Making the Cut in Writing Competitions

I've recently had the delightful task of coming up with a shortlist of 8 stories from over 80 entries in a short story competition.

It was fun as well as hard work. Some absolutely enthralling stories.

Two things surprised me. The standard of many of the entries was very high indeed. I guess that shouldn't cause eyebrows to hit hairlines, but when I've been judging this competition in previous years there's never been more than a quarter of the total entries that gave my colleagues and me serious pause when it came to shortlisting. This time, the initial longlist was around half. The second longlist was about 30 and the final one pre-shortlist, 15. All those 15 stories deserve competition success or publication, and I shall be writing and telling their authors so even while I commiserate on their not quite making the final cut. It was fantastic to know there are so many excellent writers out there, and reassuring when we keep being told that, because more people are taking up writing, standards are dropping. Not my recent experience.

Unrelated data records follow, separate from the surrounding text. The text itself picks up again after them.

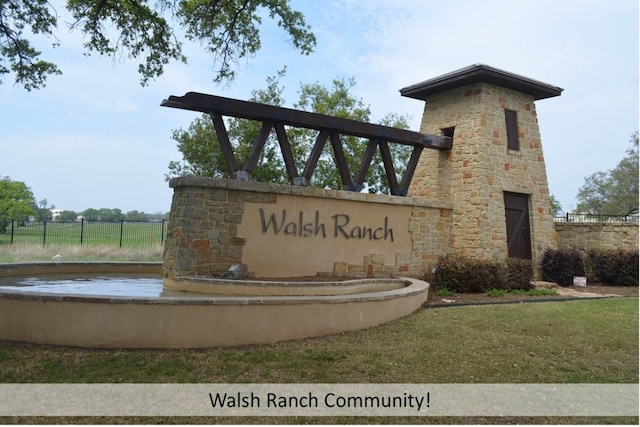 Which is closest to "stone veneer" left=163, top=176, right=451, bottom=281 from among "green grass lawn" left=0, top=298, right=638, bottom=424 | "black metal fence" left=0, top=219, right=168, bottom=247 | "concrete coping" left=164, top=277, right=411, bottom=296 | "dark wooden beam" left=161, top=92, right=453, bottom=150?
"concrete coping" left=164, top=277, right=411, bottom=296

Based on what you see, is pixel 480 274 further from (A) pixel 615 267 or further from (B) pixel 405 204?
(A) pixel 615 267

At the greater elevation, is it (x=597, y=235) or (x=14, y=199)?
(x=14, y=199)

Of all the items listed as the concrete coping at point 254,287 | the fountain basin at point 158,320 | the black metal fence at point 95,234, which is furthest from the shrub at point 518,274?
the black metal fence at point 95,234

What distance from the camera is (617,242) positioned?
14.8 metres

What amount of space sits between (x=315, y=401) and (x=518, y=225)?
35.5 feet

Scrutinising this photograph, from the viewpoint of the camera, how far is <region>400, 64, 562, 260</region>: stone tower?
1283cm

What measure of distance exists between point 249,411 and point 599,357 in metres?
4.39

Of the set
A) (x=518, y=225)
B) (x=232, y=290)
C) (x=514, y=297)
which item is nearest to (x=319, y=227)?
(x=232, y=290)

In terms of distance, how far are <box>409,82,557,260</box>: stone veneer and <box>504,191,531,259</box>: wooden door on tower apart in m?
0.16

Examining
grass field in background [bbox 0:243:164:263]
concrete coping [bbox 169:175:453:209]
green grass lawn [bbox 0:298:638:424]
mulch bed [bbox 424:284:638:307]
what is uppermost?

The second thing that surprised me was the lack of care when it came to typos, poor punctuation, misspelling, dodgy grammar and unprofessional layout. And that wasn't limited to the stories that didn't make a longlist, it was right up until that final 15. Even some of them had mistakes - which in a story of around 2,000 words is reprehensible, at least in my book. Self-editing is key to making a good impression these days whether it's on agents, publishers, readers or professional reviewers like Fiction Feedback. Do whatever's necessary: print it out, read it aloud, view it in a different typeface and size, give it to a friend who's a whiz at English - but do something. Read, read and read again. And if you're unsure about the best layout, or punctuation around dialogue, or a grammar question, look on the web. Lots of good advice out there and in a huge choice of books too.

Some beginner writers genuinely believe that their prose doesn't matter and that if the story shines an agent or publisher will pick it up anyway. Wrong. The quality of the prose is the first thing they can judge about a piece of writing and it takes professionals seconds to come to that judgement: if the prose is poor the manuscript is rejected; if it's good they'll stick with it.

The same is true of the reader of self-published work. OK, they might have already bought the novel, but they won't buy another by the same author and they might well leave a negative review.

Another piece of advice about writing competitions; if you're submitting an entry by email and paying by cheque in the post, do enclose your contact details with that cheque. That way, if the email entry goes astray, the organisers can contact you to ask you to re-submit the story.

Good luck entering your next competition.